EXERCISE AIM: Transcribed word for word, the lines below from the one with "YELLOW KID CAST" through the last line of the records form the answer; no picture is to be included.

PROVIDED ENTRIES:
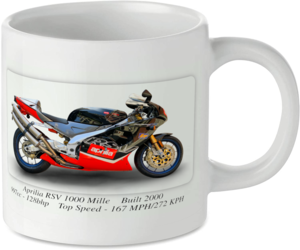 Aprilia RSV 1000 Mille Motorbike Tea Coffee Mug Ideal Biker Gift Printed UK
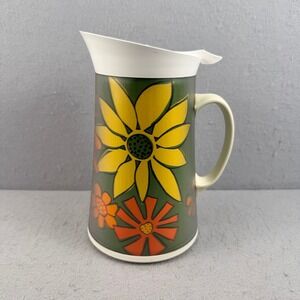 Vintage David Douglas Hot Cold Beverage Caddy Pitcher Retro Floral 1970s Thermos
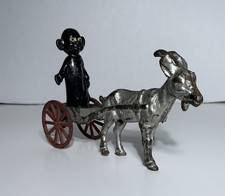 YELLOW KID CAST IRON GOAT CART TOY KENTON Antique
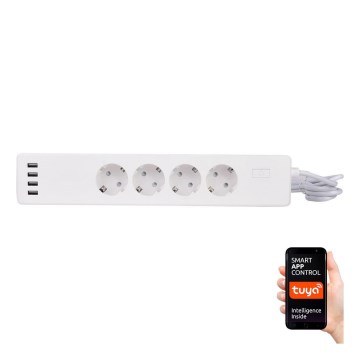 Разклонител с превключвател 1,8 m + 4xUSB/Wi-Fi Tuya SCHUKO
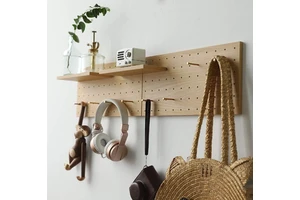 Multifunctional Bamboo Wall Mounted Storage Rack With Hooks for Home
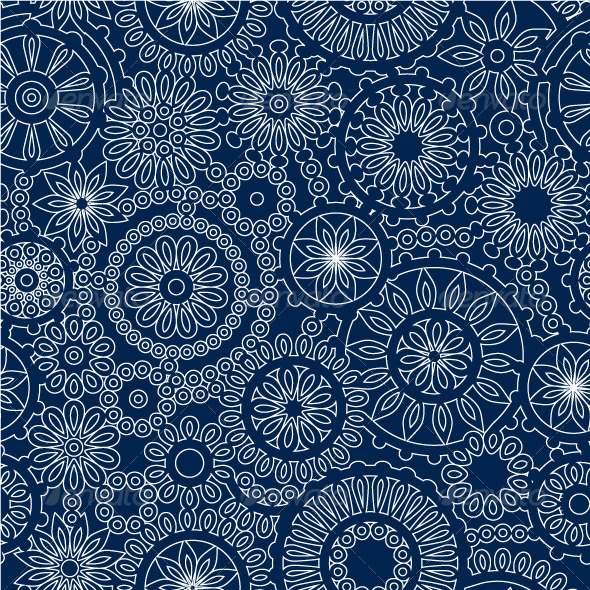 White Lace Flowers on Dark Blue Seamless Pattern   Patterns Decorative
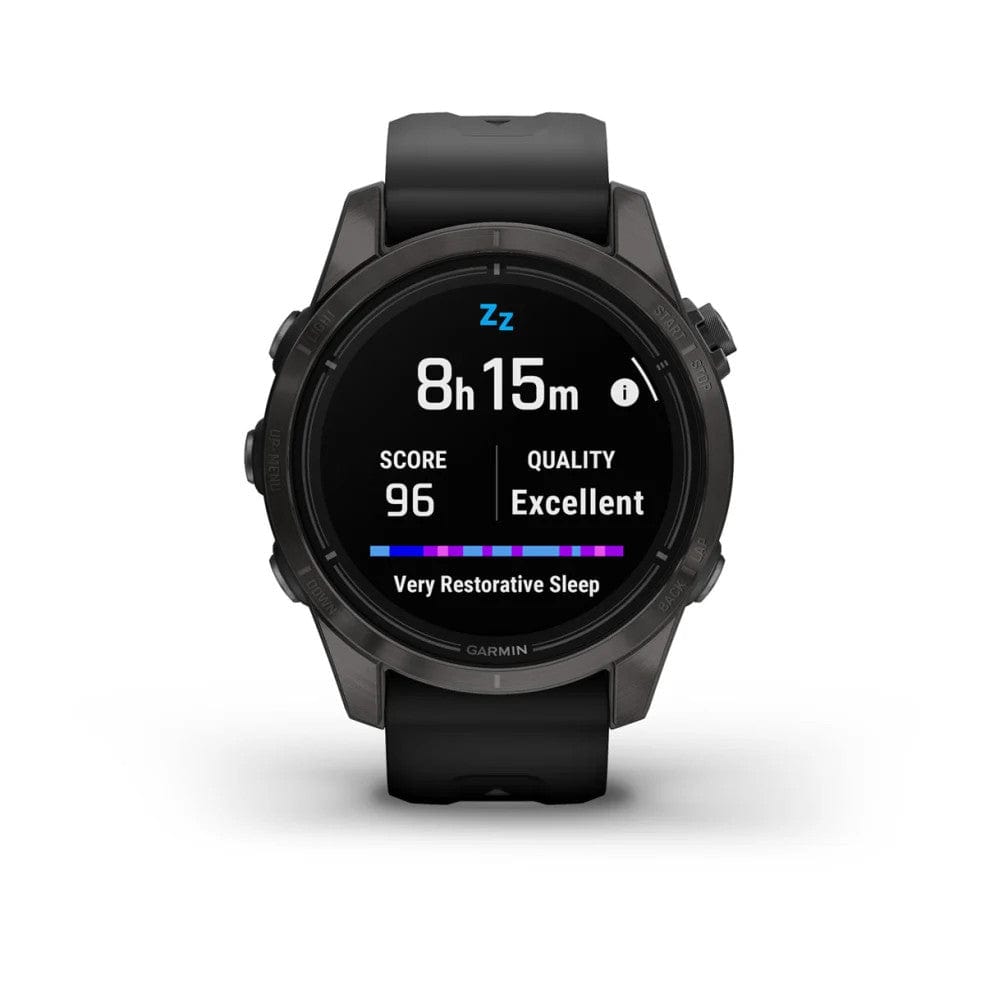 Garmin epix Pro/Sapphire Ed (Gen 2) 42mm Crbn Grey DLC Ti w/ Blk Band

SOLUTION TO THE EXERCISE:
 YELLOW KID CAST IRON GOAT CART TOY KENTON Antique
 Разклонител с превключвател 1,8 m + 4xUSB/Wi-Fi Tuya SCHUKO
 Multifunctional Bamboo Wall Mounted Storage Rack With Hooks for Home
 White Lace Flowers on Dark Blue Seamless Pattern   Patterns Decorative
 Garmin epix Pro/Sapphire Ed (Gen 2) 42mm Crbn Grey DLC Ti w/ Blk Band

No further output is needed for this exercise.